You know that most people get too much email, and because they are already too busy, a salesperson’s email is among the easiest to ignore.
You know that an email finds its way to the bottom of a never-ending onslaught of emails that accumulate day and night, moving to a place where it is both out of sight and out of mind.
The information you provide to your prospective client about what makes your company so great isn’t useful or helpful to your potential client as an email. More still, more PDFs are not better than fewer PDFs. Fewer PDFs aren’t better than no PDFs (unless it is serious insight with your handwriting all over it).
An email is a lousy place to ask for the Commitment for Time, especially when it is your very first communication. It’s doubtful that you can pitch enough value in this format to gain the commitment you seek.
You make it easy to say no when you ask over email. You make it possible for your prospective client to reject you without even having to tell you no by merely pressing the delete button.

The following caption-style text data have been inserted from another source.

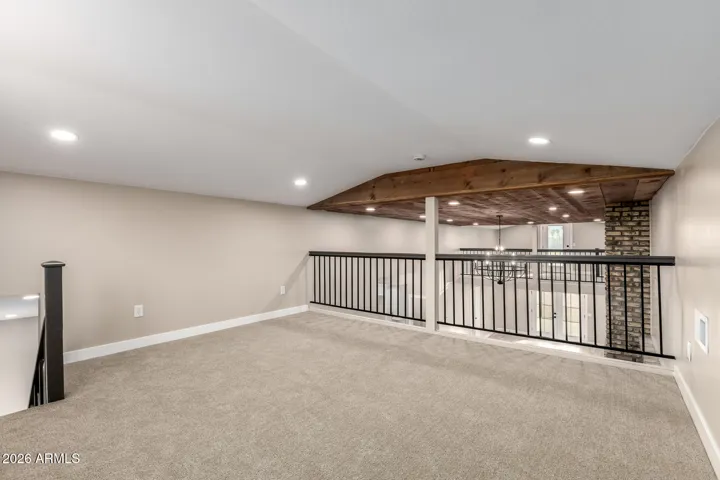 Loft / Office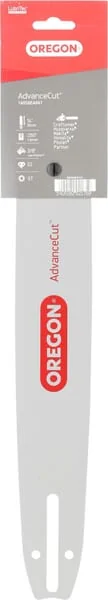 Oregon - 140SXEA041 - Guide Saw 3/8P 1.3 35/cm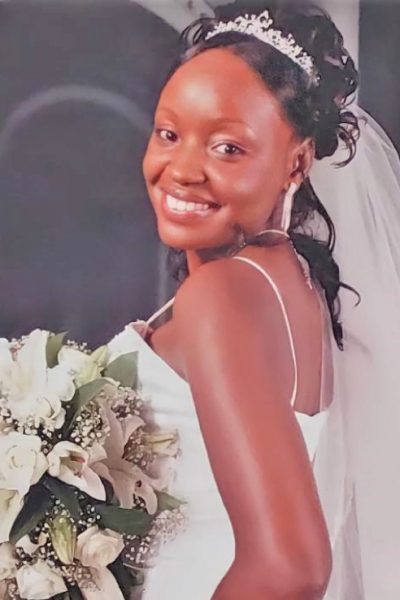 Dr.-CAROLYNE-PERIS-OLORE-ONYANGO-MAKUMBI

You have established that you are no different from the dozens or hundreds of salespeople and sales organizations that seek efficiency instead of effectiveness, trading less effort for even less effectiveness. Your effort should match your desire for the outcome you want, and your unwillingness to exert that effort is proof positive you don’t want the outcome enough.
The person receiving your email knows something about you, namely, that you are afraid of them. They know that you prefer to hide behind a computer screen, which indicates a lack of confidence and suggests you don’t think of yourself as a peer and a value creator.
You send the email believing that your dream client will read your words, pick up the phone, call you directly, and ask you to drive out to see them so they can buy from you. But the phone never rings, and you rarely receive even a rejection email. When you do receive an email, you believe it indicates engagement and become your dream client’s penpal, arguing for a meeting.
Email has a place in your prospecting sequence and cadence. However, it should not be your first attempt, and it isn’t the right place to ask for the commitment for time. If you want to schedule a meeting, and if that meeting is important to you, start by picking up the telephone.